Importance of Relevancy and Reputation of your Website

Matt Cutts

Matt Cutts

In a video that was released today from Matt Cutts of Google, he answered a question, “Are results in different positions ranked by different algorithms?” Meaning does Google use a different set of rules for positions 1 through 3, versus positions 4 through 6. And his answer to that question was no. But he did give some general insight, which merits additional exploration, as to what Google looks for when ranking web pages in their search results.


In the process of answering the above question, Matt indicated that Google takes “a 100, or even a 1,000 search results, and then with those we just sort them in order what we think the trade off of relevancy versus reputation. So we want something that is very relevant, but also as reputable as we can find.” To understand just what he means by “relevancy” and “reputation,” let’s explore deeper these two terms, and how Google defines them.


On the Google Enterprise site they state, “We feel relevancy is one of the most important factors that influence our users’ experience.” So just how do they define relevancy? Well, it becomes a tricky process in trying to understand just how their algorithm works. But we can get some general ideas of what makes a web page relevant. In Google’s Webmaster Tools general guidelines one of the first points they emphasize is, “Provide high-quality content on your pages, especially your homepage. This is the single most important thing to do. If your pages contain useful information, their content will attract many visitors and entice webmasters to link to your site.” They go on further to say, “In creating a helpful, information-rich site, write pages that clearly and accurately describe your topic. Think about the words users would type to find your pages and include those words on your site.”
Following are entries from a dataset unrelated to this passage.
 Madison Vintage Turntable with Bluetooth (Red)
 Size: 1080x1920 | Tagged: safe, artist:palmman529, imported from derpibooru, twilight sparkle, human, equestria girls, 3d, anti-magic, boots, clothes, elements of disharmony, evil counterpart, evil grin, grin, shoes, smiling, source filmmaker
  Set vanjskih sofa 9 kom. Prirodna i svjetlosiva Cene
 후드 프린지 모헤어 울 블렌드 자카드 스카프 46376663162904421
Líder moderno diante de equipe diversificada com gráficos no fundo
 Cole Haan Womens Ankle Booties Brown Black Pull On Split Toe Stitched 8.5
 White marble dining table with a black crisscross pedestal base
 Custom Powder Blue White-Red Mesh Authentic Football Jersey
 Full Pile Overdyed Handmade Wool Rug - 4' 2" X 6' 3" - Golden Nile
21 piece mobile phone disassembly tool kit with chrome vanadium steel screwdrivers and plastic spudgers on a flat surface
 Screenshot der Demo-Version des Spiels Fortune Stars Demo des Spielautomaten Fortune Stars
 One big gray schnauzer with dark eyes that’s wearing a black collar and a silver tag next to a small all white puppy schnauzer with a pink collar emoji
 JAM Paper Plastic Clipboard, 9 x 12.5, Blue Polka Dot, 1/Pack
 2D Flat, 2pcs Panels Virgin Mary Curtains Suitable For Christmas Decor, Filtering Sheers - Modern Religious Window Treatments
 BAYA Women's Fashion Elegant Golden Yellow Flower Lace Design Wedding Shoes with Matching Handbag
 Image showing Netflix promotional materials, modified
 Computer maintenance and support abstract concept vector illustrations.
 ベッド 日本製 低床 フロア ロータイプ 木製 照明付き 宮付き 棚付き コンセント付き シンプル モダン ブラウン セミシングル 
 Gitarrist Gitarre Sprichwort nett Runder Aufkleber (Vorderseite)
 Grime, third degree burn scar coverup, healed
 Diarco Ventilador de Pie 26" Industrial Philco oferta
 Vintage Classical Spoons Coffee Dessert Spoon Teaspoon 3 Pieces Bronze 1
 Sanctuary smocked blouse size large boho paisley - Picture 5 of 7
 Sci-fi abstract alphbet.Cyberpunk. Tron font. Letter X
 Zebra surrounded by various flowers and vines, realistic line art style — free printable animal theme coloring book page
A prime example of a website doing this is If you go to their site and click down to a product, like a “fixed ball mount” hitch, you’ll find a lot of helpful information that gives you all that you would need to make a buying decision. There are videos on how to pick and install the right hitch for your vehicle, a question and answer section, photos and tons of reviews about the product. Do a search in Google for a “fixed ball mount hitch” and you’ll see that they rank number 1, as well as occupy 3 other natural ranking positions with their videos. We can certainly borrow a page out of their playbook for relevancy.


A reputable site is one that has good, authoritative backlinks pointing to it. The reputable individual pages of a web site are determined by the internal link structure. Google, in their Webmaster Central Blog states, “By looking at the links between pages, we can get a sense of which pages are reputable and important, and thus more likely to be relevant to our users. So linking structure, both outside and inside are important aspects of building reputation. Another part of building reputation is through citations on social channels, blogs, directories and industry-related sites. A citation is any reference to your business name. A citation can be in the form of a business listing in a directory, a blog article, a press release or even a comment on a web page or forum. Basically, Google feels if a lot of people are talking about a particular brand or brand product, it is important to the searcher.

So focusing on these two main points that Matt Cutts mentioned in his video will help to improve the ranking and traffic of your web pages.